Capítulo

2

Mi madre y yo vivimos en una granja del siglo XVIII en las afueras de Coldwater. Es la única casa sobre la carretera de Hawthorne, y los vecinos más cercanos están a más de un kilómetro de distancia. A veces me pregunto si el constructor original se dio cuenta de que de entre todas las parcelas de tierra disponibles eligió construir la casa en el centro de una inversión atmosférica que parece aspirar toda la niebla de la costa de Maine y trasplantarla al jardín. En aquel momento, la casa estaba velada por una niebla tenebrosa que recordaba a espíritus prófugos y errantes.

Yo pasaba la tarde clavada a un taburete de la cocina en compañía de los deberes de Álgebra y de Dorothea, nuestra ama de llaves. Mi madre trabaja para la casa de subastas Hugo Renaldi, coordinando subastas de antigüedades y propiedades inmuebles a lo largo de toda la costa Este. Aquella semana, ella estaba en el norte del estado de Nueva York. Su trabajo le exigía viajar mucho, y pagaba a Dorothea para que cocinara y limpiara, aunque estoy segura de que la letra pequeña del contrato de Dorothea incluía que me vigilara de cerca.

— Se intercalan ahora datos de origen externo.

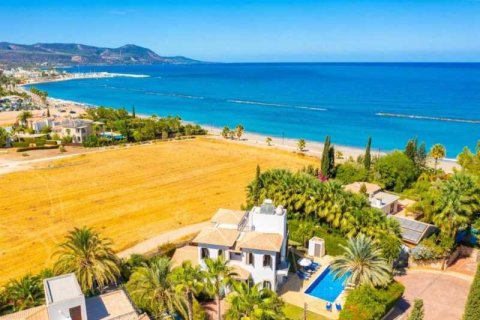 4 bedrooms Villa in Polis, Cyprus No. 84351 4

—¿Cómo va el colegio? —me preguntó con su acento alemán. Estaba de pie junto a la pila, fregando los restos de lasaña adheridos en el fondo de una cazuela.

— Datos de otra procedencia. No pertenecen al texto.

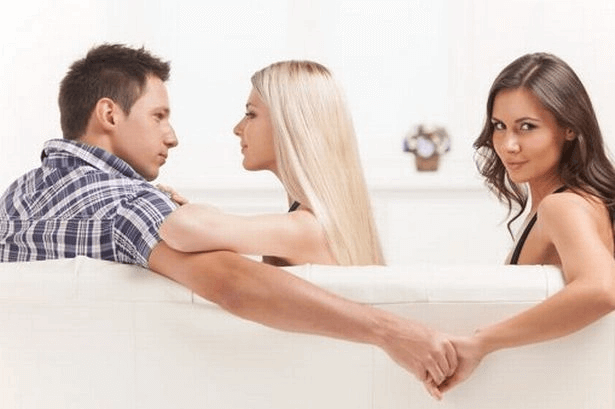 Nước Hoa Kích Thích Nam Giá Rẻ Pincolour 9 Pincolour For Her nước hoa quyến rũ nam giới - thaoduoctinhyeu.com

—Tengo un nuevo compañero de pupitre en la clase de Biología.

—¿Eso es bueno o malo?

—Antes, Vee era mi compañera de pupitre.

—Ya. —A medida que fregaba con más energía, la carne de su brazo se zarandeaba—. O sea, que malo.

Suspiré admitiéndolo.

—Cuéntame algo de ese nuevo compañero. ¿Cómo es físicamente?

—Es alto, moreno e irritante. —Y misteriosamente impenetrable. Los ojos de Patch eran como dos bolas de cristal negras. Lo absorbían todo sin revelar nada. No es que quisiera saber más sobre él. No me gustaba lo que veía a simple vista, así que dudaba de que me gustara lo que acechaba bajo la superficie.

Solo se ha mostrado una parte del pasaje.